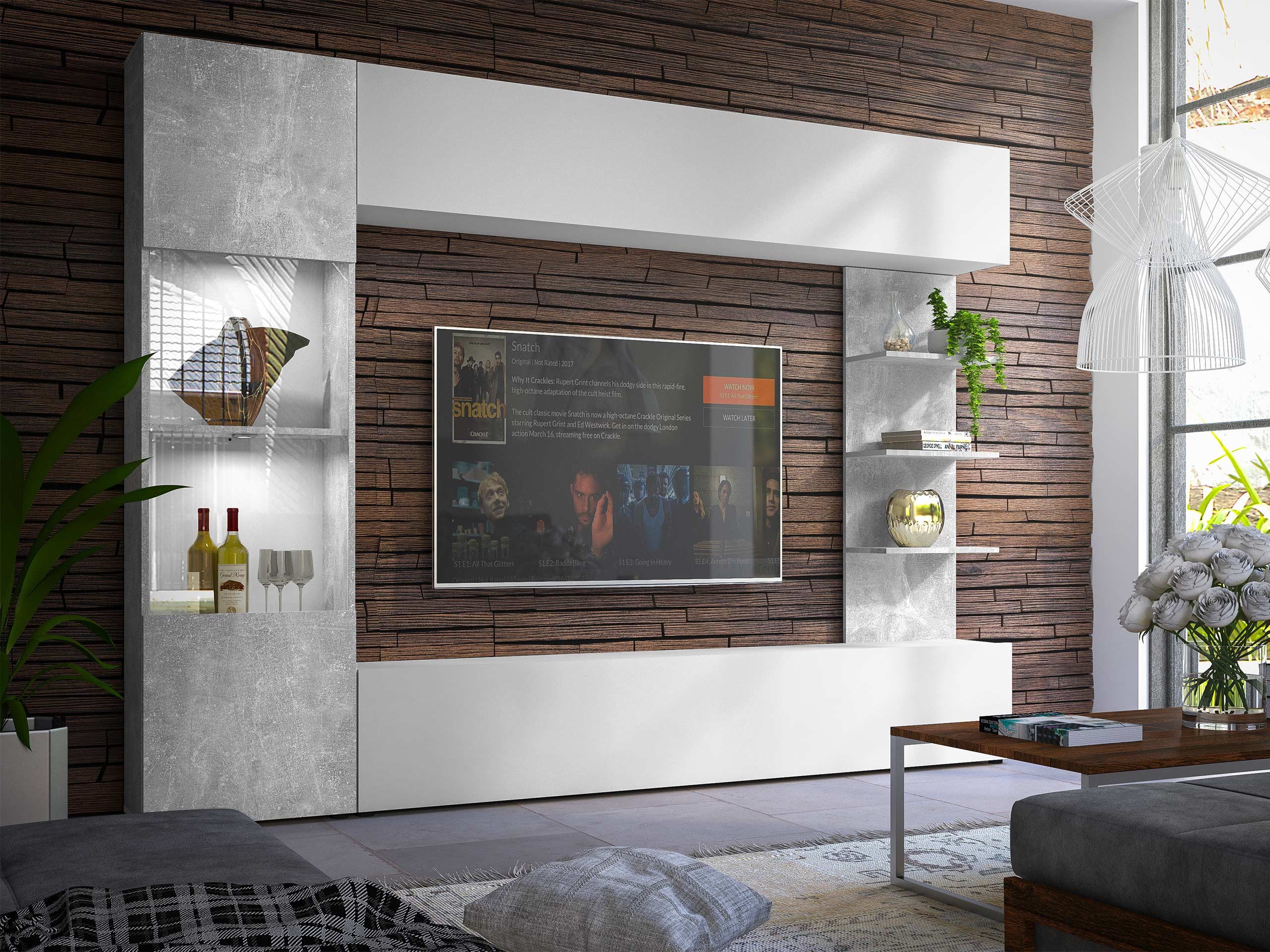 MIRJAN24 Wohnwand Lazando, (Komplett-Set, Hängeschrank, Vitrine, günstig online kaufen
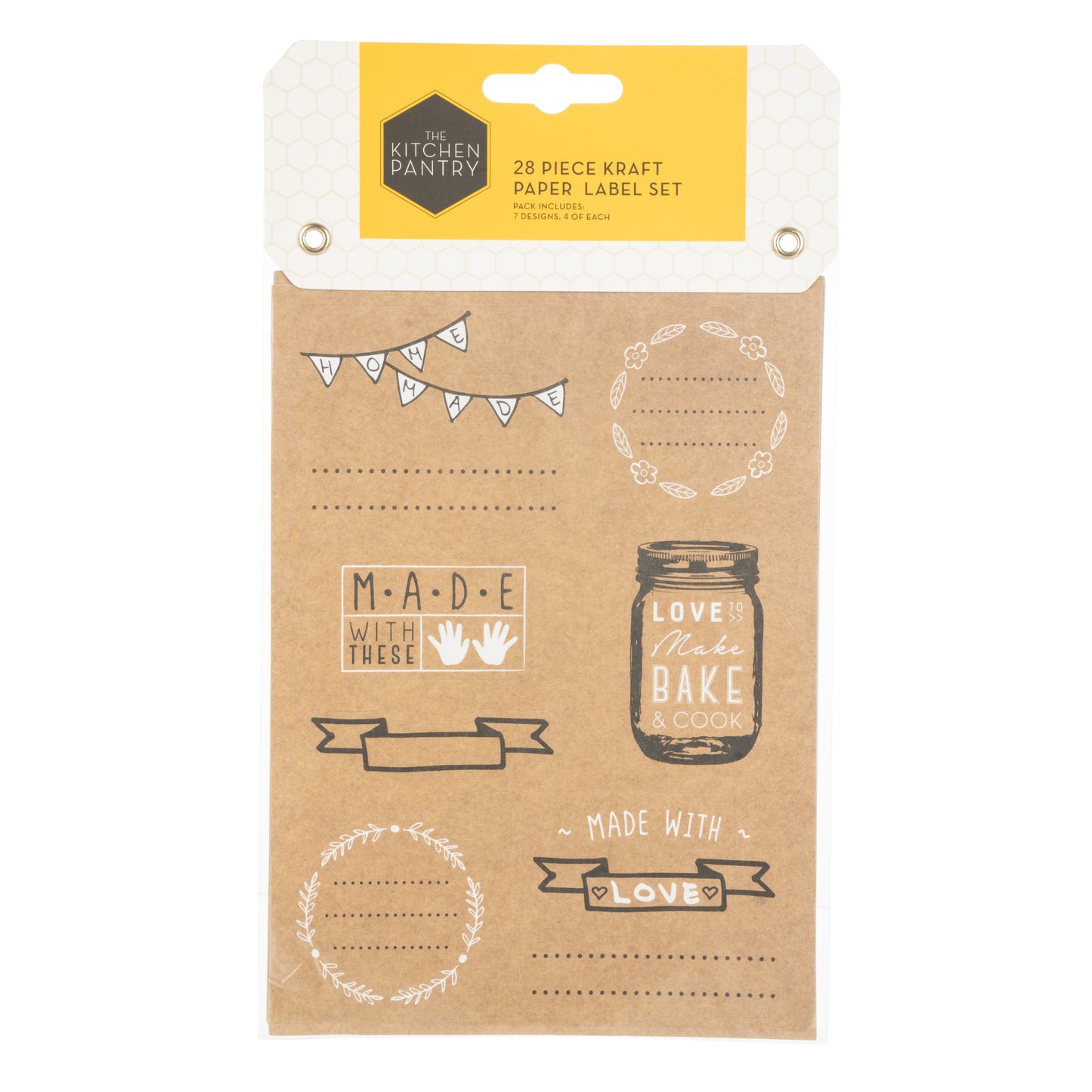 The Kitchen Pantry Kraft Paper Label Set of 28
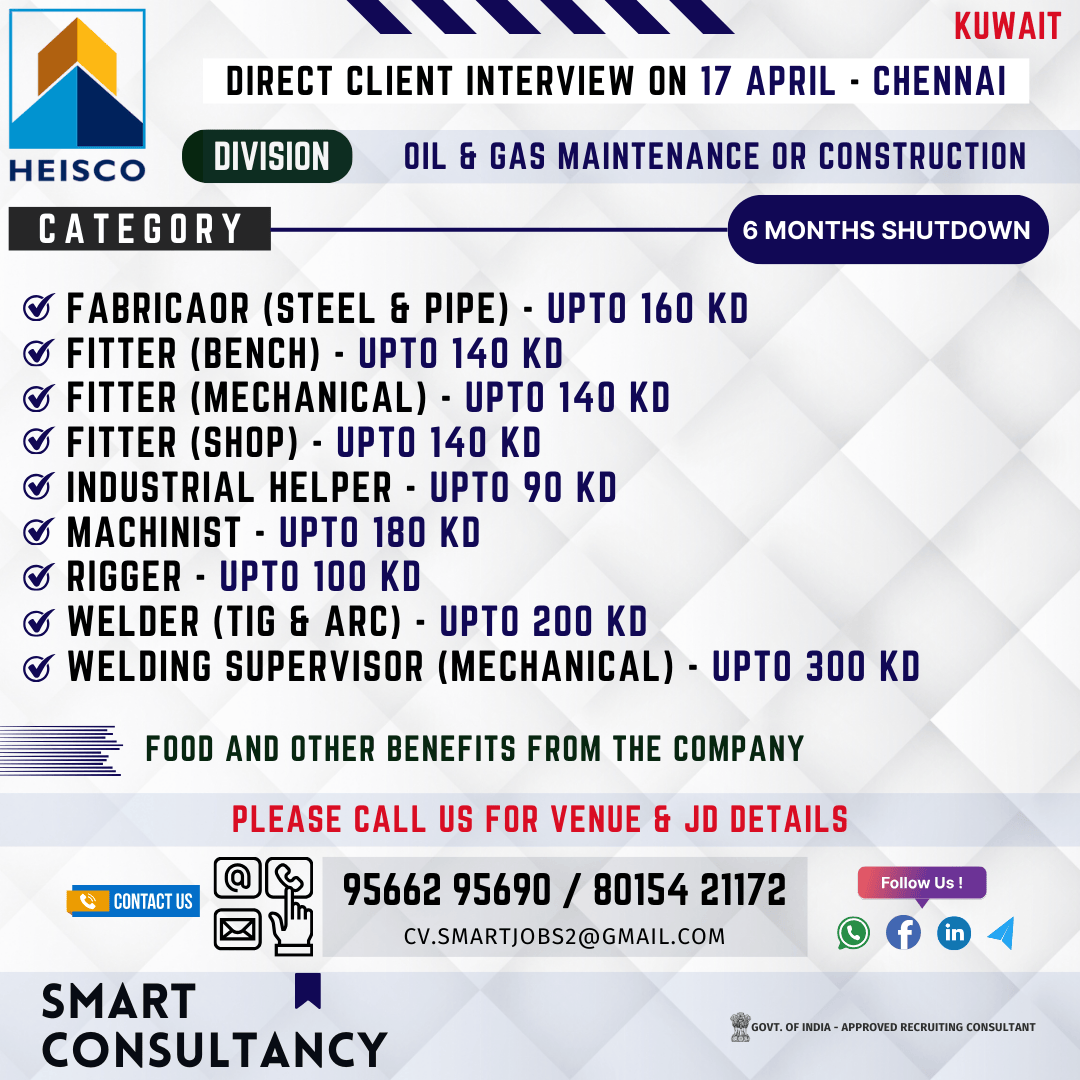 WANTED FOR A LEADING OIL & GAS COMPANY – UAE – DUBAI / DIRECT CLIENT INTERVIEW ON 17 APRIL – CHENNAI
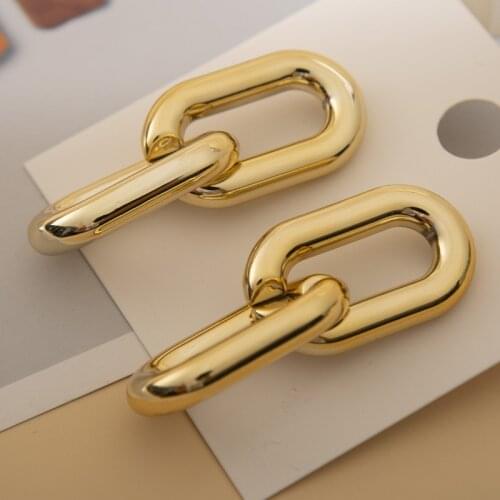 2020 new bright gold exaggerated metal chain drop earrings womens retro punk small big chain earrings retro jewelry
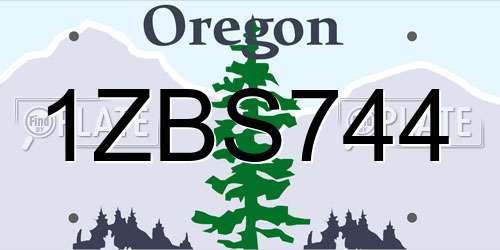 1ZBS744 Oregon License Plate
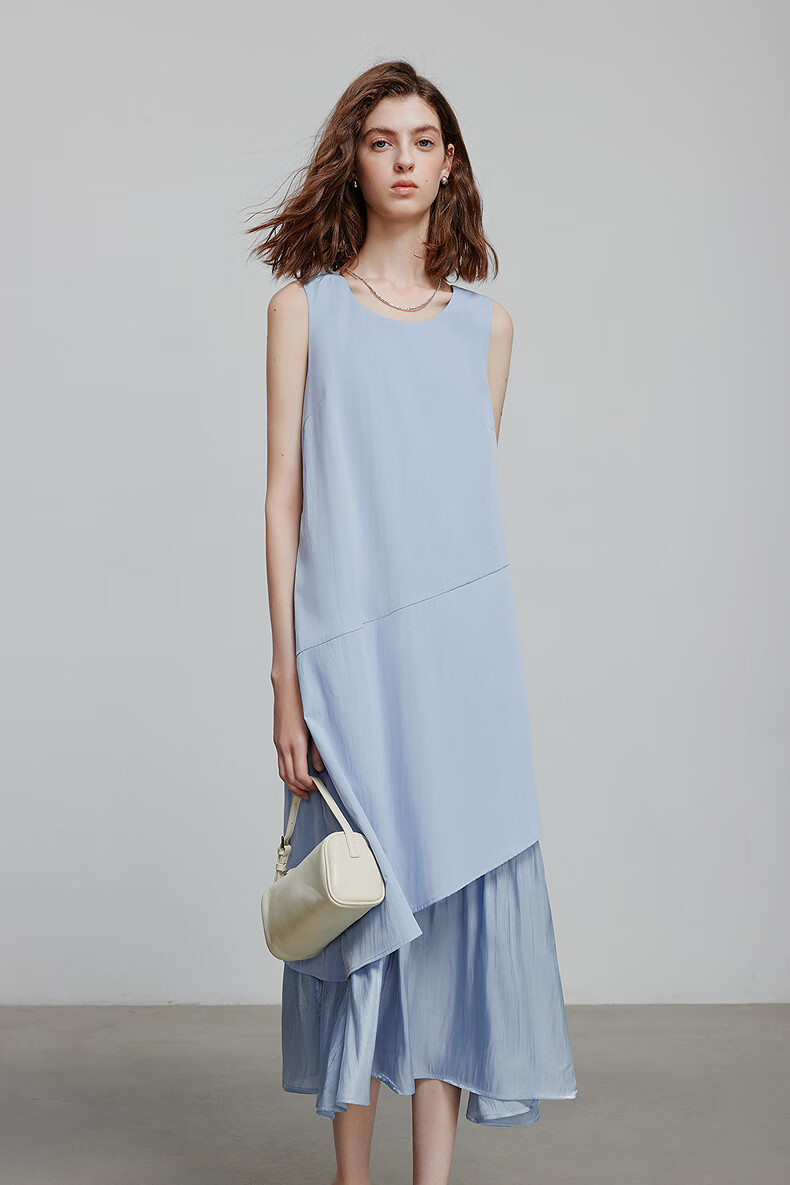 Chuyu Oxygen Sensation Dress for Women, 2025 Summer New Vacation Style Patchwork Faux Two-Piece Vest Dress, Sky Blue, S 1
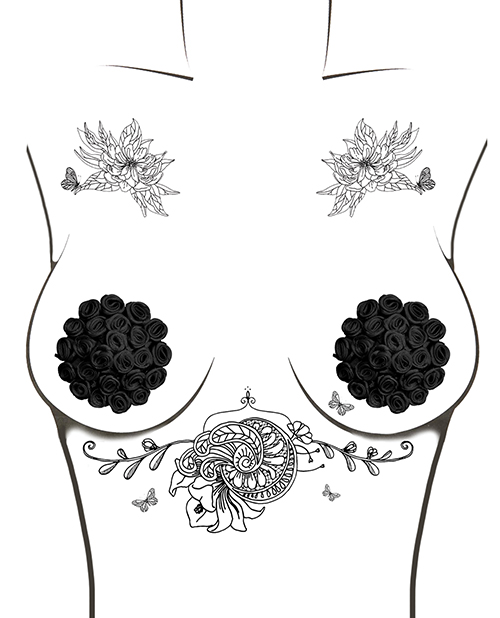 Neva Nude Burlesque Nightfall Roses Reusable Silicone Nipzitx Pasties - Black O/s
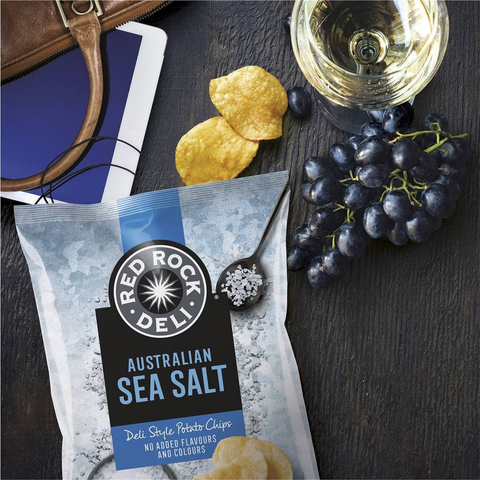 Red Rock Deli Potato Chips Sea Salt Natural 165g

_Instructions for the task_. Starting at the line that holds "WANTED FOR A", copy each line exactly through the end of the material above, keeping both ends and dropping the pictures.

_Written answer_.
 WANTED FOR A LEADING OIL & GAS COMPANY – UAE – DUBAI / DIRECT CLIENT INTERVIEW ON 17 APRIL – CHENNAI
 2020 new bright gold exaggerated metal chain drop earrings womens retro punk small big chain earrings retro jewelry
 1ZBS744 Oregon License Plate
 Chuyu Oxygen Sensation Dress for Women, 2025 Summer New Vacation Style Patchwork Faux Two-Piece Vest Dress, Sky Blue, S 1
 Neva Nude Burlesque Nightfall Roses Reusable Silicone Nipzitx Pasties - Black O/s
 Red Rock Deli Potato Chips Sea Salt Natural 165g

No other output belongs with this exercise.